After graduating from Morehouse College in 1965 and Harvard University in 1968, Attorney Lorenzo Merritt began his legal career as a professor teaching at various universities across the country from New York to Chicago to Sacramento. As a young man, he soon began to think about what was going on back in his home state of Georgia. During this time, the Civil Rights Movement was in full swing and he decided to move back to assist with the progression of the Civil Rights struggle and to fight for equality for all.

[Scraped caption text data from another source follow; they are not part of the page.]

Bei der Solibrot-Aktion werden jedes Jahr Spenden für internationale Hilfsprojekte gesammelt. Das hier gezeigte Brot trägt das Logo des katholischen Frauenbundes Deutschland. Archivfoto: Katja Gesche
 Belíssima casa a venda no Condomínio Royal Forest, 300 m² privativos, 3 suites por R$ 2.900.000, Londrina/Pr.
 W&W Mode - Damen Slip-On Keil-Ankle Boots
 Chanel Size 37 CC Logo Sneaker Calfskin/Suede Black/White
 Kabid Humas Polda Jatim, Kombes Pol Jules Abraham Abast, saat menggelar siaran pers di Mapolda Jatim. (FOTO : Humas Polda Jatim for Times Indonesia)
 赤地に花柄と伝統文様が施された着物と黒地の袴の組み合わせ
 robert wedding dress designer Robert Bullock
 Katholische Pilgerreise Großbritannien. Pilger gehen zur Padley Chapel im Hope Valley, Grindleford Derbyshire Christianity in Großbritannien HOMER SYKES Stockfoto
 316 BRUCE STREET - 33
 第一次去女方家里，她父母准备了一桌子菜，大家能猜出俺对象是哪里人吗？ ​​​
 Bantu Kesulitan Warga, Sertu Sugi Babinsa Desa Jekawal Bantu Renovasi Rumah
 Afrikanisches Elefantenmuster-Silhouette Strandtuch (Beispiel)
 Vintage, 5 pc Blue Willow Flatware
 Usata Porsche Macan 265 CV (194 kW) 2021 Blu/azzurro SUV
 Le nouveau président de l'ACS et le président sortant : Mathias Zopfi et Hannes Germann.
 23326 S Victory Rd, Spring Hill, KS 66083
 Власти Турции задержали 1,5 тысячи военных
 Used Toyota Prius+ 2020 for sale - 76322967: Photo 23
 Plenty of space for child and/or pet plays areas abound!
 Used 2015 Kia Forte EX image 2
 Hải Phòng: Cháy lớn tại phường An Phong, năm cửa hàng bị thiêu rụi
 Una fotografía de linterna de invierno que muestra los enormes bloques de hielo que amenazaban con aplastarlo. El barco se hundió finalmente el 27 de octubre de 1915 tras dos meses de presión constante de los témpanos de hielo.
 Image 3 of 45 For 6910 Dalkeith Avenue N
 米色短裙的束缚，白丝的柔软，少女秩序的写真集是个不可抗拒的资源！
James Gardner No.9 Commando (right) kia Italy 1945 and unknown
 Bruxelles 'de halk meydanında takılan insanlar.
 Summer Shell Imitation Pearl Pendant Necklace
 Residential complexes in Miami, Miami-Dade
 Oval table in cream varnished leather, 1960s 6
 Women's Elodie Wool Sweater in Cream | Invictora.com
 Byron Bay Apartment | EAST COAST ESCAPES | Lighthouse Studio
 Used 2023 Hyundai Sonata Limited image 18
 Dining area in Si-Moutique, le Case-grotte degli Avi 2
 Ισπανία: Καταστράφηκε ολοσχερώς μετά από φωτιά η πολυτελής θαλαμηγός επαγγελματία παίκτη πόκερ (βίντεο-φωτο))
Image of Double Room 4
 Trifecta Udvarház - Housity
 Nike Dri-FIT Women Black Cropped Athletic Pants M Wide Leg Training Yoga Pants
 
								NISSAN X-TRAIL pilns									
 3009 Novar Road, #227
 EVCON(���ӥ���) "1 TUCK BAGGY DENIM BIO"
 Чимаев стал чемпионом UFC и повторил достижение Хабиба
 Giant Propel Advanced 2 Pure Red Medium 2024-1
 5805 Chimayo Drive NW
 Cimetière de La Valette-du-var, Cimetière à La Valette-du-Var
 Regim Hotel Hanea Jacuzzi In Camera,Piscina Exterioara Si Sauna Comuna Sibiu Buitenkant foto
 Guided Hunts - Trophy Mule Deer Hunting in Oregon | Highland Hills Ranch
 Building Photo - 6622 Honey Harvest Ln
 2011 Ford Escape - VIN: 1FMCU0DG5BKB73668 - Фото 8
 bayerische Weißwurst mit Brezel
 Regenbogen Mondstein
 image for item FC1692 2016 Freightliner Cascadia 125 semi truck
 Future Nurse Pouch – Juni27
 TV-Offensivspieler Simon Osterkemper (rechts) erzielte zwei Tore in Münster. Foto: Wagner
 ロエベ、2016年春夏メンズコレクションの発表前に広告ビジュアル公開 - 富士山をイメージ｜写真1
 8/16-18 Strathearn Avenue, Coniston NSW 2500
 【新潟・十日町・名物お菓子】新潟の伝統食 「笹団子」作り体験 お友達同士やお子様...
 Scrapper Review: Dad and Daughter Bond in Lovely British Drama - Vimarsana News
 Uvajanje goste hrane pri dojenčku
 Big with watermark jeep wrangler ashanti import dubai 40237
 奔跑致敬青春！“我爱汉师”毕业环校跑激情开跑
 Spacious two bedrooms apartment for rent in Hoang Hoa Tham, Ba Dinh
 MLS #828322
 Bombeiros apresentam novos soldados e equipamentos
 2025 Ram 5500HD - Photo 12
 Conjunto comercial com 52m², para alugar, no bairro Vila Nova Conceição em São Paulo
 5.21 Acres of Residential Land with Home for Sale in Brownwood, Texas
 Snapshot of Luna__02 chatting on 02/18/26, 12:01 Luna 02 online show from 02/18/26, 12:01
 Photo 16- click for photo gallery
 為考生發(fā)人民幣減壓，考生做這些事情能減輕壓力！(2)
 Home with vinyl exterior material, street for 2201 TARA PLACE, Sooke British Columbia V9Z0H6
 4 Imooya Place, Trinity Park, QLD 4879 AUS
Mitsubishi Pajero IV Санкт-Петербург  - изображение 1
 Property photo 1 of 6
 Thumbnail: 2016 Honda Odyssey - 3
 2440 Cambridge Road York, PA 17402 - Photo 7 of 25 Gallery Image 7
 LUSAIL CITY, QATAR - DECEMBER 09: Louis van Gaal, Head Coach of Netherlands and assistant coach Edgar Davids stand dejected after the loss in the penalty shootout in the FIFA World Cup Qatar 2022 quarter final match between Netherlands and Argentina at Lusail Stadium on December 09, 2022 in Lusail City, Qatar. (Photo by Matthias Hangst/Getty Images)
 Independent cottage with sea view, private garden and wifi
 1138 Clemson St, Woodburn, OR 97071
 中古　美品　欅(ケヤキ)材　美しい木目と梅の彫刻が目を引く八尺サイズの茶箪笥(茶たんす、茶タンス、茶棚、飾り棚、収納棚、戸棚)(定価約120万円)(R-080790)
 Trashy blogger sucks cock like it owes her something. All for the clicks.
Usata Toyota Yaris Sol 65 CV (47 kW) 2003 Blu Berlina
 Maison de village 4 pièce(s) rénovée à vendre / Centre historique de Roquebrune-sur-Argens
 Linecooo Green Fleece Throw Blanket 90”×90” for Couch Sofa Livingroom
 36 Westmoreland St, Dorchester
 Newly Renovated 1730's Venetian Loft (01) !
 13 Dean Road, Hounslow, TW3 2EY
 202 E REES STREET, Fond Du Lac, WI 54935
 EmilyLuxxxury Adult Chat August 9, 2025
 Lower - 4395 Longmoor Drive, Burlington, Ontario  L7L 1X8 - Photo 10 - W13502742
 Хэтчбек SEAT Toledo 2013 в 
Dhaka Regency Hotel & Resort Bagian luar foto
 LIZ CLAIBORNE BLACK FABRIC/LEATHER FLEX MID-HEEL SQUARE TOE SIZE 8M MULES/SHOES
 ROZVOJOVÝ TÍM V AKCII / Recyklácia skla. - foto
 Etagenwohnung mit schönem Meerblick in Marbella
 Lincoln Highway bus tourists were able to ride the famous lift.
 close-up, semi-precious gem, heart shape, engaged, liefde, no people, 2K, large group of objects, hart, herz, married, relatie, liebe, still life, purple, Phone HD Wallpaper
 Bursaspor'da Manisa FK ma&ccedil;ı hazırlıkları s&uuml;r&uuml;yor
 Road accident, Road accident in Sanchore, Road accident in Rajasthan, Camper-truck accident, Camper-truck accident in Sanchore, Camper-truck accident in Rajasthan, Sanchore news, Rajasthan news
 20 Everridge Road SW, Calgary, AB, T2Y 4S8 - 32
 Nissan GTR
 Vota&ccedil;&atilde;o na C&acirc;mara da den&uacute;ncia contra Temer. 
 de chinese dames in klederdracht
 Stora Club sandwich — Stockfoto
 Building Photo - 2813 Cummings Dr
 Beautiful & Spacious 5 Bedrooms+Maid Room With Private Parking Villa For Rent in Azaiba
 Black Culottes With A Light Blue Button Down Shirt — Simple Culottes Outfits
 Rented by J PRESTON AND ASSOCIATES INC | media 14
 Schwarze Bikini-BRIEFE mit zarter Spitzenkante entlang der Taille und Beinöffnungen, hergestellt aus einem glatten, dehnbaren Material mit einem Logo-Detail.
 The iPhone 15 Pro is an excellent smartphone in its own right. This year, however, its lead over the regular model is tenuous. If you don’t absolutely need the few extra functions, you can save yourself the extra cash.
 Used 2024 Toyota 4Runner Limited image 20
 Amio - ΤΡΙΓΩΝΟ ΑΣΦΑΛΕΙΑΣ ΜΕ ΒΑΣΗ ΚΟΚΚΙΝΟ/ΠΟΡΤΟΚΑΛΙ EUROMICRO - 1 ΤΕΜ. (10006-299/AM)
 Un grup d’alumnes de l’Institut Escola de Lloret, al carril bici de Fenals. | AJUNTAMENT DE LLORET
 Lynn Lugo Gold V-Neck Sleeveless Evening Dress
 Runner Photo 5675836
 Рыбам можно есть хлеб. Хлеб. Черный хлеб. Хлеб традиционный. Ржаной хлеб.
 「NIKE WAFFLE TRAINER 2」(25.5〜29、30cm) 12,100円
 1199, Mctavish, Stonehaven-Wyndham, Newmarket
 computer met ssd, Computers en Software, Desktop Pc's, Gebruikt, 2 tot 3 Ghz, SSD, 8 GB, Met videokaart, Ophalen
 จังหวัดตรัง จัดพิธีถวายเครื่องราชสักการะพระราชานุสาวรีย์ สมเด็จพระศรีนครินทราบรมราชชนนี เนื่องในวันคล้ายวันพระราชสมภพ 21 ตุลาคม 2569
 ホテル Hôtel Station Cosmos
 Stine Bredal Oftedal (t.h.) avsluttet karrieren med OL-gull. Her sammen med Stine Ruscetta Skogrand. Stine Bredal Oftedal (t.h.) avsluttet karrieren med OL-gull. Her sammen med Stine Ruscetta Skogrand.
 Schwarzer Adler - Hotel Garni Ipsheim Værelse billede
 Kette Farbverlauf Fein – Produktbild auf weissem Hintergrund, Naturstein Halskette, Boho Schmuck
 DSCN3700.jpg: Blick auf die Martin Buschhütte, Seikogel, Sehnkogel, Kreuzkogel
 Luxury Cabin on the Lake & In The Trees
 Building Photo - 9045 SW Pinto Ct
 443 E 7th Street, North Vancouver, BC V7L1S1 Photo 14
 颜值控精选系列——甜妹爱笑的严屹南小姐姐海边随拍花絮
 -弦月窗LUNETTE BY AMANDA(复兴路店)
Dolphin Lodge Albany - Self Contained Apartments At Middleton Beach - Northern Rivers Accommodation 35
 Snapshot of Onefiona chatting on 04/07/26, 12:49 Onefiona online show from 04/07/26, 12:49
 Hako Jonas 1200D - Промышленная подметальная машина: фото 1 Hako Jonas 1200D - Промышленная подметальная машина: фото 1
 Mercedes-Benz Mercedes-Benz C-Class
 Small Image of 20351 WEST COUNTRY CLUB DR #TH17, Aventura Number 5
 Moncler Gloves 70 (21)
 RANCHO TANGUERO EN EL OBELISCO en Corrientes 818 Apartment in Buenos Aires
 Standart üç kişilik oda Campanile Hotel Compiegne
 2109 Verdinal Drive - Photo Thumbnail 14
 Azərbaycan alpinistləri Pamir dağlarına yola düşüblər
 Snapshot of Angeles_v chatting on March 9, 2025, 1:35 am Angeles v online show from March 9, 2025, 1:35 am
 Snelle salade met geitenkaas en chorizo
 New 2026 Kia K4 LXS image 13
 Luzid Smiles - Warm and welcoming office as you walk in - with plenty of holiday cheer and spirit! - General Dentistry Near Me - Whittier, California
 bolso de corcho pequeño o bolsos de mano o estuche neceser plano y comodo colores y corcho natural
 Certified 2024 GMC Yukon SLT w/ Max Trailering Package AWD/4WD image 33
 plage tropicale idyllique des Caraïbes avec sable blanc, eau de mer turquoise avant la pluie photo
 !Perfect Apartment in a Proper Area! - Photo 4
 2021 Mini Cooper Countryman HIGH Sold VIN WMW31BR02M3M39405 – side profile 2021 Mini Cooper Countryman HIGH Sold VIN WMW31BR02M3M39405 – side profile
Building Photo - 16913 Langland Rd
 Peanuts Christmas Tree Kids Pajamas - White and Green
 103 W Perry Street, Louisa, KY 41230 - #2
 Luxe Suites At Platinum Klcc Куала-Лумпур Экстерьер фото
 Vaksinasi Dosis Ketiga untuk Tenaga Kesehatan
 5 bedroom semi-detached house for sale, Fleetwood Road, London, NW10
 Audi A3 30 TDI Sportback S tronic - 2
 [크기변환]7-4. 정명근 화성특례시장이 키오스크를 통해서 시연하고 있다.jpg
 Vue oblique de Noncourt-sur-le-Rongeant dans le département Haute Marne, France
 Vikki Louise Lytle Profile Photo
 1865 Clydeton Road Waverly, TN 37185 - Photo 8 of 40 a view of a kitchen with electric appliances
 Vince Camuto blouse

After returning to Georgia, Attorney Merritt started his own practice which is now the Merritt & Merritt Law Firm. Over the past 40 years, he has successfully practiced many areas of law with the most notable being car accident, personal injury, criminal and civil rights law. In the area of car accidents and personal injury, he has assisted thousands of clients collecting in excess $10 Million Dollars. On top of that, he has assisted many criminal clients with cases ranging from felony murder to armed robbery and Federal cases. Also, Merritt was involved with groundbreaking Civil Rights cases which forced School Districts to comply with hiring African Americans and other people of color if they are qualified.
Attorney Merritt was also recently recognized by the National Black Lawyers-Top 100. This organization is an invitation only professional honorary association which recognizes exemplary attorneys nationally for their commitment to the law and community they serve.
The State Bar of Georgia along with the Center for Civil and Human Rights in Atlanta recently acknowledged Attorney Merritt for his contribution in the struggle for equality during the Civil Rights Movement. The honored included financiers, lawyers, organizers or activists working diligently to fight racial injustice. President Perkins-Hooker of the Georgia Bar said: "It's an honor to express my appreciation to those whose service has helped forge a path for people like me." And went on to say: "Often they faced the threat of death, but they persevered so that every human being would have equal access to opportunity."